大公派が手配した治安部隊や魔導士たちに偽の指令を流し、本部に帰還させる。オルガの扱う魔術は東方のもので、スリベグランディア王国では一般的ではない。そのため、警戒心の強い魔導士相手でも大して抵抗なく、必要に応じて噂を流すことが出来た。
「禁術一歩手前ではあったが――緊急事態だからな」
自分の担当する治安部隊と魔導士の一群は全て対処し終え、後は他の潜入者たちが彼らの仕事を終えるのを待つだけである。だが、オルガはその時間も無駄にする気は更々なかった。
リリアナがどこに居るかも確証はない。やはりカルヴァート辺境伯領に行くことを諦め、単独でリリアナの救出を優先すべきだったかと後悔するが、過去に戻ることが出来ない以上、今は最善の策を考える他なかった。
「そもそも、お嬢様の居場所を知っていそうな人間がどこにも居ないのが問題なんだ」
苦々しく顔を歪めたオルガは、耐え切れずに道を走り出す。
恐らくリリアナの居場所を知って居る者はグリード伯爵の手先に違いなく、そして治安部隊に所属している騎士たちの会話を聞く限り、そのグリード伯爵も最近は全く人前に姿を現していないようだった。
「王宮か、それともグリード伯爵邸か――」
グリード伯爵の屋敷ならば場所を把握している。もしリリアナを領地に連れ帰られていたら面倒だが、グリード伯爵の性格からして、今この時期に王都を離れるようなことはしないはずだった。それならば、グリード伯爵本人も王都の邸宅に身を潜めていると言われた方が納得できる。
「一旦、グリード伯爵邸の様子を見て来よう」
そうと決まれば話は早い。オルガは方向転換し、近場にある治安部隊が宿舎として使っていた――もしくは占拠していた屋敷へと入る。無理に治安部隊に押し入られ屋敷を提供していた低位だが、商売が上手く金だけはある貴族の家だ。突然訪れたオルガの姿に下働きの使用人たちがぎょっと顔を引き攣らせた。恐らく、オルガも治安部隊の仲間だと思われているのだろう。せっかく無法者たちが姿を消したと思ったのに――というところだろうが、オルガは構わなかった。

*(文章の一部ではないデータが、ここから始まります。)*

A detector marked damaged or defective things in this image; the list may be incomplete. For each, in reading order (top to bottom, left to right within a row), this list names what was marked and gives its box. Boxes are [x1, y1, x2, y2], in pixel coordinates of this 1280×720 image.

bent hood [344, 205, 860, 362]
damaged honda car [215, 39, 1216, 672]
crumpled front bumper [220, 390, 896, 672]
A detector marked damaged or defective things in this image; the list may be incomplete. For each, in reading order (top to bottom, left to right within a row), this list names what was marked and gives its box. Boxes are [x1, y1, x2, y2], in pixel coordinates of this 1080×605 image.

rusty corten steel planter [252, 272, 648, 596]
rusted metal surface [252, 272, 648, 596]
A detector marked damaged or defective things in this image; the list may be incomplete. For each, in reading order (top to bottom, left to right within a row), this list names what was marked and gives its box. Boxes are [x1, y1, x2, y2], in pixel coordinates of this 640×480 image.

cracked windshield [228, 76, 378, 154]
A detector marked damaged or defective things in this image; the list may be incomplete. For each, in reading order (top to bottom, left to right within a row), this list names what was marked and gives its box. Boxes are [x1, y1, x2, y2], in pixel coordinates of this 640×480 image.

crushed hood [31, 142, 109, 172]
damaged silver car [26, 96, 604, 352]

一番手近に居た使用人に歩み寄ると、間近から相手の顔を覗き込む。
「今日までここに滞在していた治安部隊の連中が残した馬はいないか?」
「え? あ、はい――いますけど」
「寄越せ」
オルガの問いは、使用人にとっては全く思いも寄らないものだったに違いない。目をぱちくりとさせて、間の抜けた声を漏らす。オルガは何の遠慮もなしに、端的に要望を告げた。
その迫力に気圧されたのか、使用人は情けない悲鳴を喉の奥で上げた。
「わ、分かりました!」
使用人は転がるように走って屋敷の裏手に姿を消し、すぐに一頭の馬を連れて戻って来る。きちんと世話がされていたらしく、非常に元気そうだ。満足して頷いたオルガは一つ頷くと、銀貨を一枚使用人に渡した。庶民はまずお目に掛かれない貨幣だ。使用人がぎょっとしたように目を剥くのには構わず、オルガは馬に飛び乗る。
「礼だ。受け取っておけ」
絶句したまま二の句が継げないでいる使用人を置き去りに、オルガは思い切り馬の尻を叩いた。途端に馬は走り出す。
あっという間に小さく見えなくなった後姿を、使用人は茫然と見送る。そして、更にその様子を眺めている一つの人影があった。その人影はずっとオルガを尾行していたのだが、その事実を知る者は誰もいなかった。
*****
謁見の間に向かうライリーの耳に、クライドが囁いた。
「既に顧問会議の面々は謁見の間に控えております。そこに王立騎士団長ヘガティを筆頭とした騎士団の面々が殿下への目通りを願うという形で入室の予定です」
「欠席者は?」
「両辺境伯。しかしケニス辺境伯御嫡男ルシアン殿はご参席です。エアルドレッド公爵、プレイステッド卿、ローカッド公爵は御欠席です」
クライドの言葉にライリーは眉根を寄せる。ローカッド公爵が欠席なのはいつものことだ。だが、エアルドレッド公爵ユリシーズとプレイステッド卿の欠席は手痛い。尤も大公派の主要貴族として、顧問会議でも発言権の強かったメラーズ伯爵やスコーン侯爵、グリード伯爵も居ないのだから、殆ど王太子派の独壇場と言っても良いだろう。
「可能ならば、ここで父上に対するメラーズの冤罪も暴いておきたかったけれどね。大公派の処断だけはできるかな」
ライリーの小さな呟きに、クライドは同意を示すように頷いた。しかし、幸か不幸か今日は顧問会議の日ではない。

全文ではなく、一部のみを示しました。